As each factory has its own
problem, the Commerce and Industry Ministry is making every effort to stimulate production
by dispatching its officials to
each important factory. In the case of ASAHI Electrification Company there is a shortage of coal but not of sodium. Nippon Industrial Chemicals Company has coal in stock but suffers
from the
lack of sodium.
The investigation section of the Ministry has inspected important factories such
as the OJI factory of NISSAN, the OGU factory
of ASAHI AZUMA Electrification Company, the factory of the KAO Soap Company, HIRAI
factory of Lion Soap Company and others, in
an effort to find out how they manage to operate at this time.
Obstacles are not merely in the shortage of coal and sodium but various factors concerning
the price. The price of soap having
become a real problem, the ministry will try to think out some measure to alleviate this
difficulty.
ITEM 2 Prices of Commodities Section is to be Set up in the Finance Ministry-Nippon
Sangyo Keizai - 16
Nov 45. Translator: T. Mitsuhashi.
Summary:
In order to solve the price problem which is facing it, the Government has decided
to establish a Price of Commodities Section in the Ministry of Finance as an agency for the consolidation
of price policy. The Cabinet will soon confer on the matter and it is expected that
this section will begin its activities on
the 24th or 25th of this month. A principal aim of the Section is to set up long range
plans for determining the prices of
various commodities.
Appropriate officials of the Ministries concerned as well as nonofficial persons
from outside the Ministries will be selected
as members of the Section. The chief of the Section will also be someone chosen from
outside these Ministries.
ECONOMIC SERIES: 20 (Continued)
ITEM 3 Deficiency in salaried men's living expenses met by loans at the People's Bank
(SHOMIN GINKO) -
Nippon Sangyo Keizai - 16 Nov 45. Translator: T. Kitagawa.
Summary:
The daily average of applications for loans by salaried people at SHOMIN GINKO has
increased to fifty, doubling the figure of
last month. Seventy per cent of the loans are made because of increased living costs.

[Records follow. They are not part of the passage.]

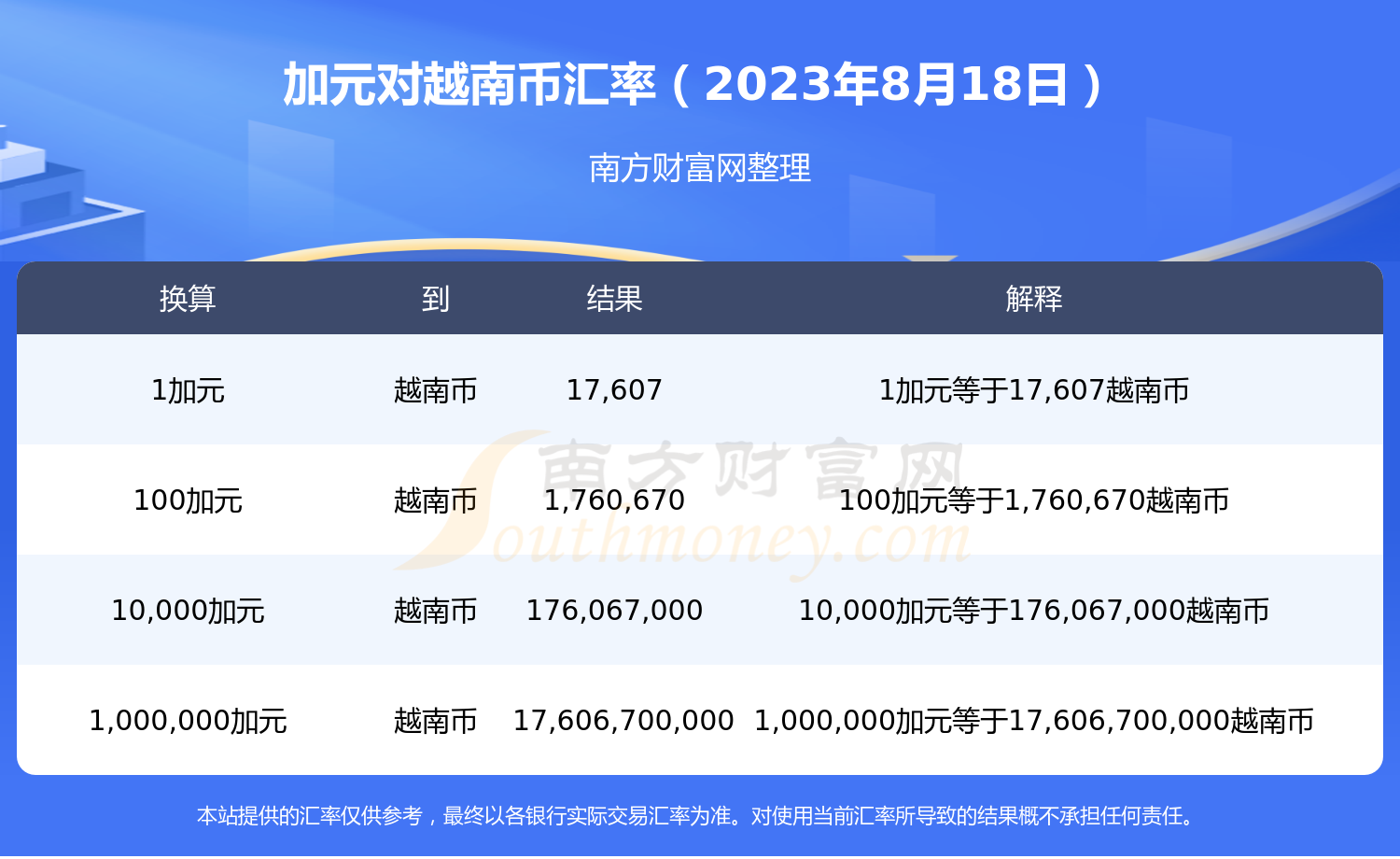 usdttrc20汇率-usdt汇率今日兑人民币汇率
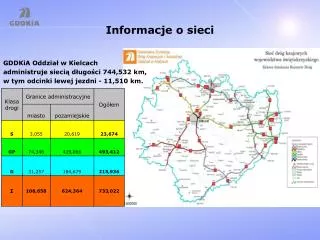 informacje o sieci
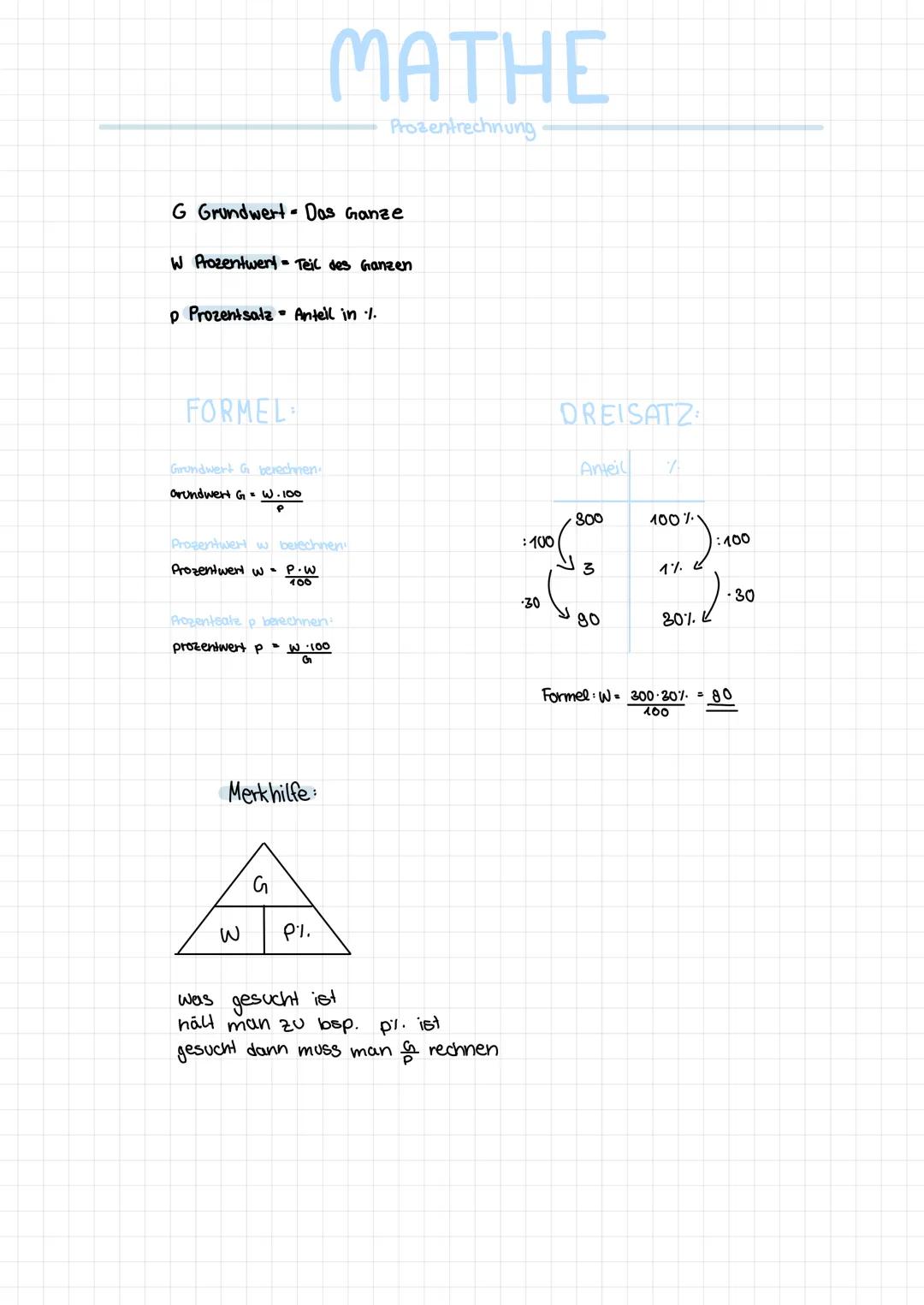 # MATHE
Prozentrechnung
G Grundwert. Das Ganze
W Prozentwert Teil des Ganzen
p Prozentsatz Anteil in %
FORMEL:
DREISATZ
Grundwerk G b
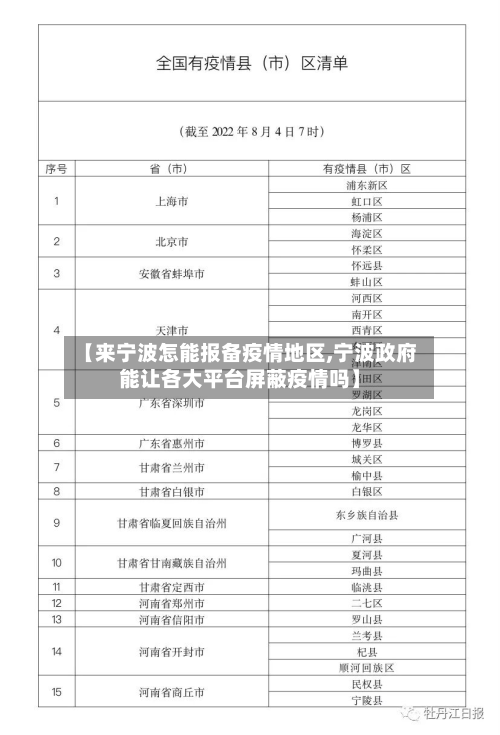 【来宁波怎能报备疫情地区,宁波 *** 能让各大平台屏蔽疫情吗】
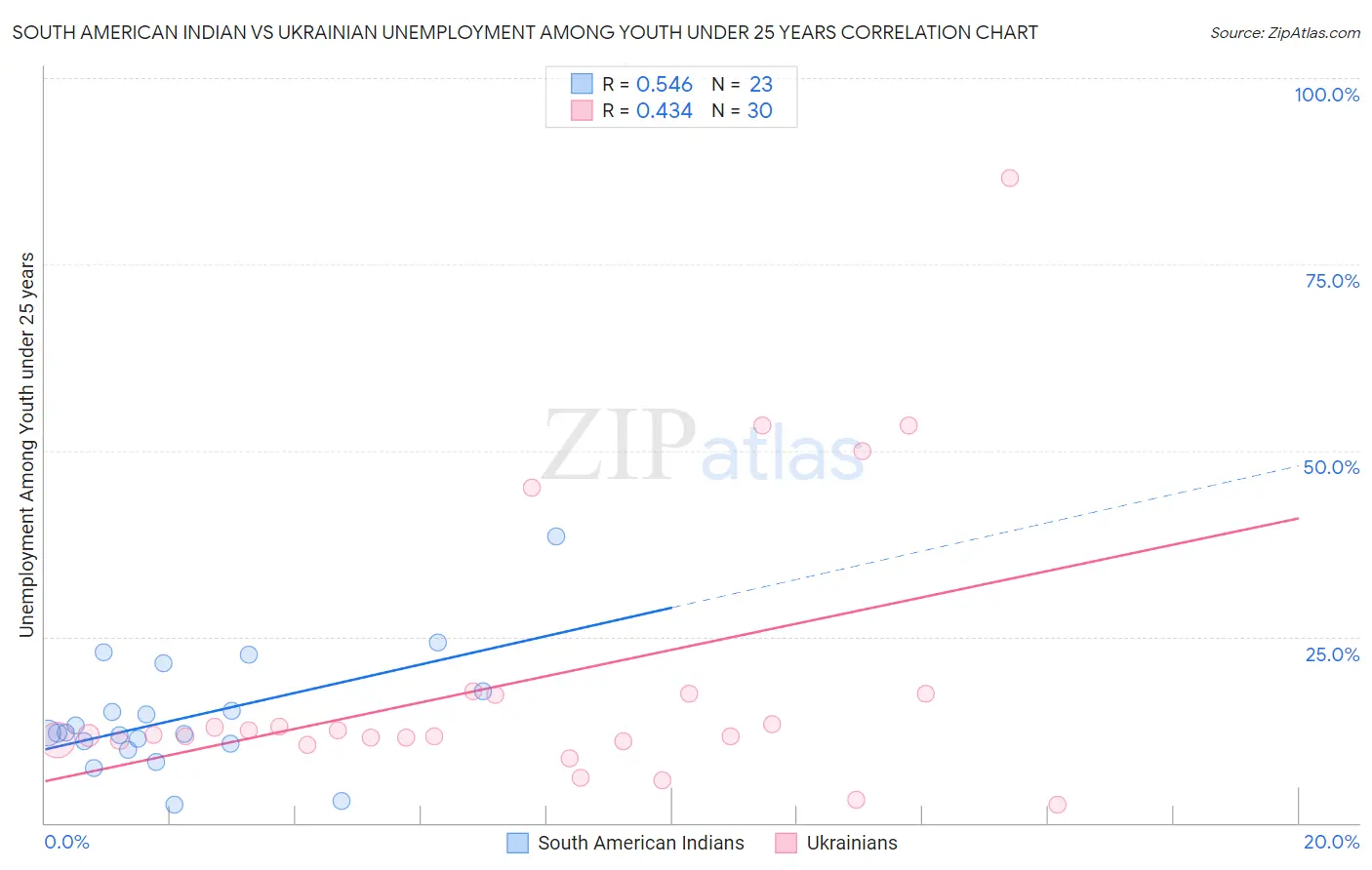 South American Indian vs Ukrainian Unemployment Among Youth under 25 years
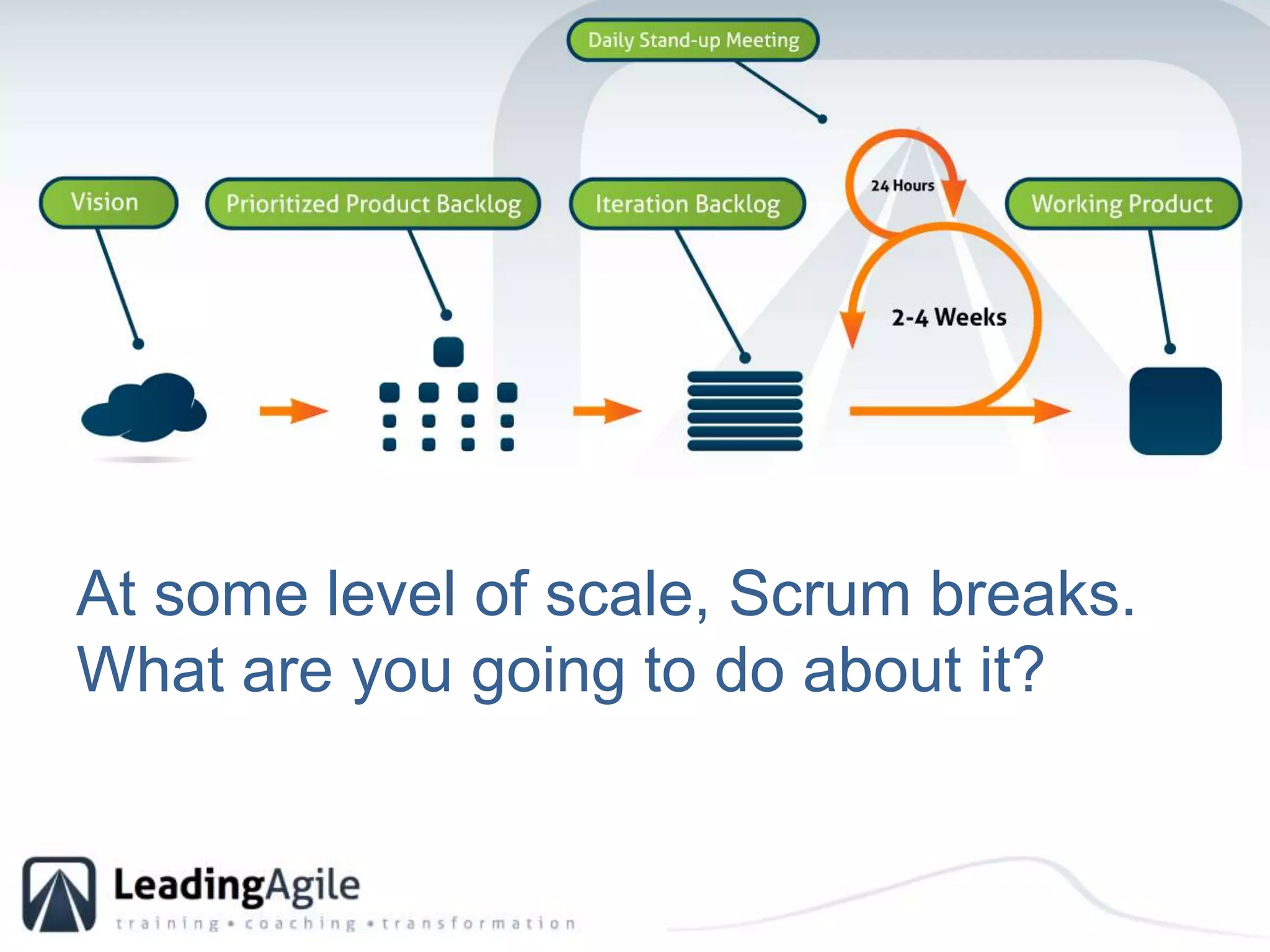 At some level of scale, Scrum breaks.  What are you going to do about it?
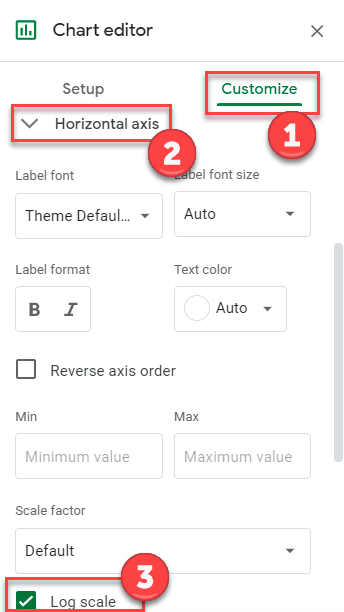 Change X Horizontal Axis to Logarithmic Scale in Google Sheets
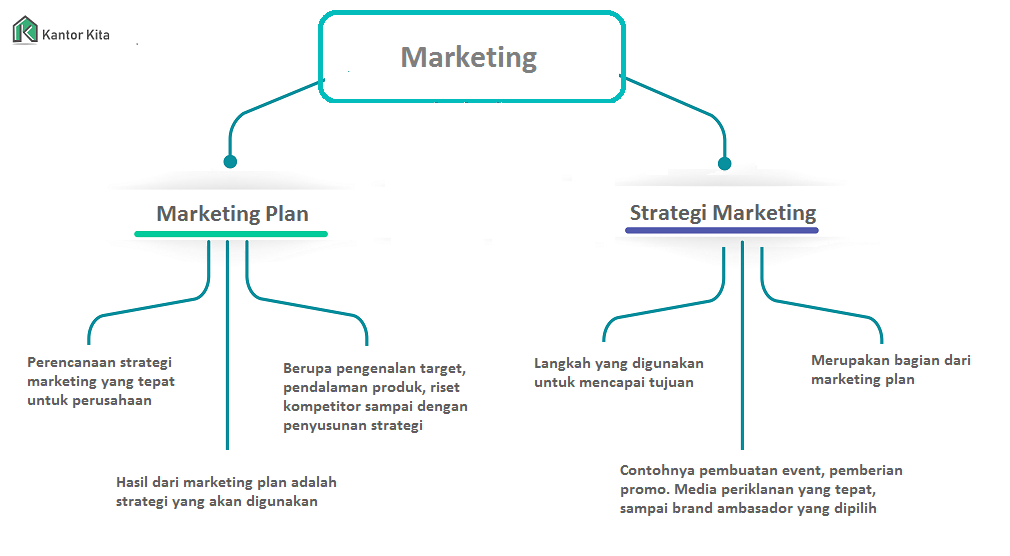 Pembuatan Marketing Plan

Ninety per cent of the borrowers are
employees of business firms and public servants, who are in difficulty because of
having to buy at black market prices. Ten
per cent of the loans are made to persons engaging in some form of enterprise, while
six per cent are for the construction of
huts by those who have lost their homes during the war.
Emergency loans for war sufferers and loans for Japanese repatriates from overseas,
to whom the maximum amount being given is
500 yen have been converted to "The Loan for Living Expense." This allows the borrower
an advance amounting to 2,000 yen. The
amount of the loans required is from 2,000 yen to 3,000 yen; formerly it was around
1,000 yen. Return payments thus far have
been made satisfactorily, averaging 99.50 per cent.
ITEM 4 Reform of Agricultural Land System (Second of the Series) - Nippon Sangyo Keizai
- 17 Nov 45.
Translator: M. Maruyama.
Summary:
Reform of the agricultural land system has been rather difficult because of its political
connection but the abolition of
tenant farming has been realized to a certain extent through prices of farm products.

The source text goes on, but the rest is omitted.